Sounds good! When Canon follows and makes this I will buy.


----------



## Sporgon (Jul 2, 2015)

sanj said:


> Sounds good! When Canon follows and makes this I will buy.



Thought you were a FF guy !


----------



## sanj (Jul 2, 2015)

Sporgon said:


> sanj said:
> 
> 
> > Sounds good! When Canon follows and makes this I will buy.
> ...



How could I miss that..... Yes you right. I got confused. I thought DX was full frame. Thanks for pointing out.


----------



## ajfotofilmagem (Jul 2, 2015)

Now I was envious of the APS-C Nikon users. I also feel envious of my Nikonians friends who own the great 35mm F1.8 DX.

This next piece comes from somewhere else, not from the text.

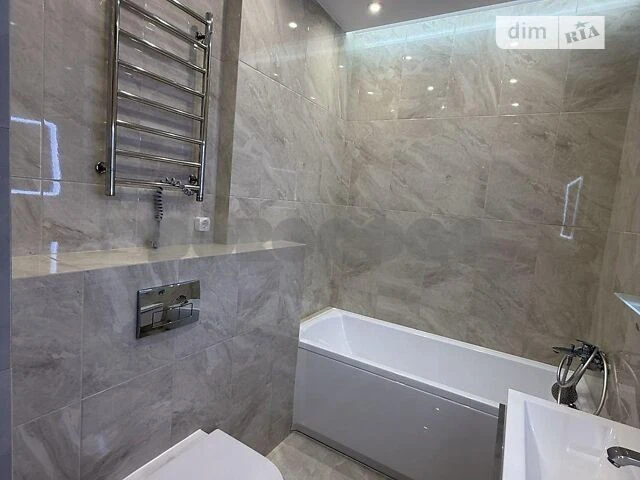 Продаж 3к квартири 147.2 кв. м на вул. Шолуденка 1А • ID 348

They also envious of me in other unbeatable Canon lenses.


----------



## andrewflo (Jul 3, 2015)

Was feeling envious of this lens for APS-C users until I saw the $1069 price tag. The Canon 17-55mm f/2.8 IS around the $800 price range feels a little bit more of a solid option to put any Nikon envy at bay


----------



## candc (Jul 3, 2015)

I don't want anything with an "ed" acronym.


----------



## candc (Jul 3, 2015)

dilbert said:


> 16-80 is a good focal length range.
> 
> On FF it would be 18-120.
> 
> If it was decent at the two extremes, that'd be a damn useful walk around lens!

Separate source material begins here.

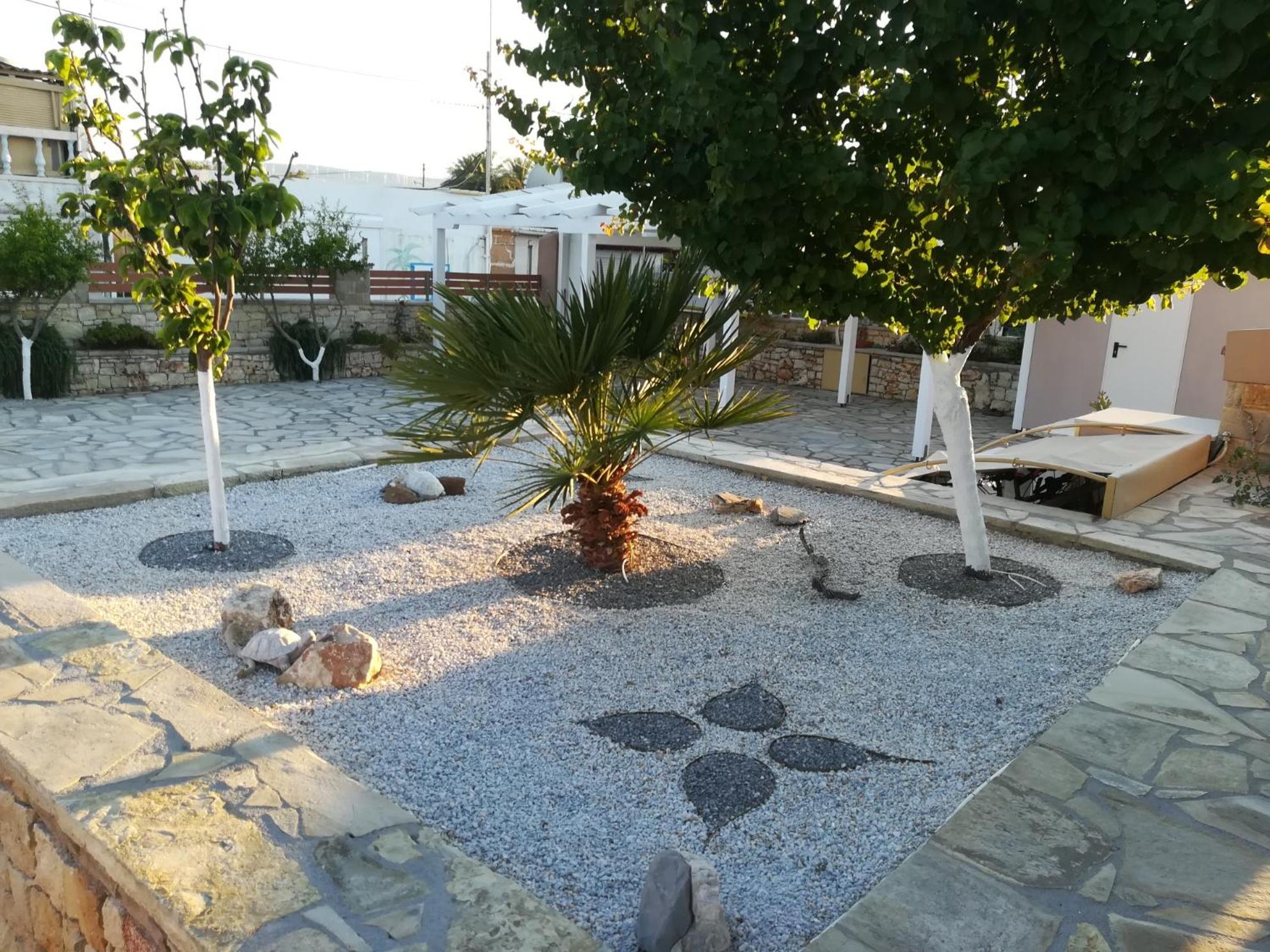 Blue Horizon Villa & Suites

Nikon dx is 1.5 crop factor so it would be 24-120 still very good


----------



## ajfotofilmagem (Jul 3, 2015)

dilbert said:


> 16-80 is a good focal length range.
> 
> On FF it would be 18-120.
> 
> If it was decent at the two extremes, that'd be a damn useful walk around lens!


This Nikon DX lens would be equivalent to a 24-120mm lens full frame. A zoom range "does it all" quite interesting.


----------



## Aglet (Jul 3, 2015)

The previous version was pretty decent and neck-and-neck with Canon's 15-85. Will be interesting to see what makes this new one worth the increased $.


----------



## andrei1989 (Jul 3, 2015)

the sigma 17-70 f/2.8-4 has a close range to this nikon but it's less than half the price...
if the nikon would have been around 6-700 $ it would have been nice and i would have considered it for my father..


----------



## psolberg (Jul 9, 2015)

oh an E lens in DX format. Thom hogan may have been right: nikon DX mirrorless using an F mount may happen after all. An adapter would be way easier to make than on a G lens.


----------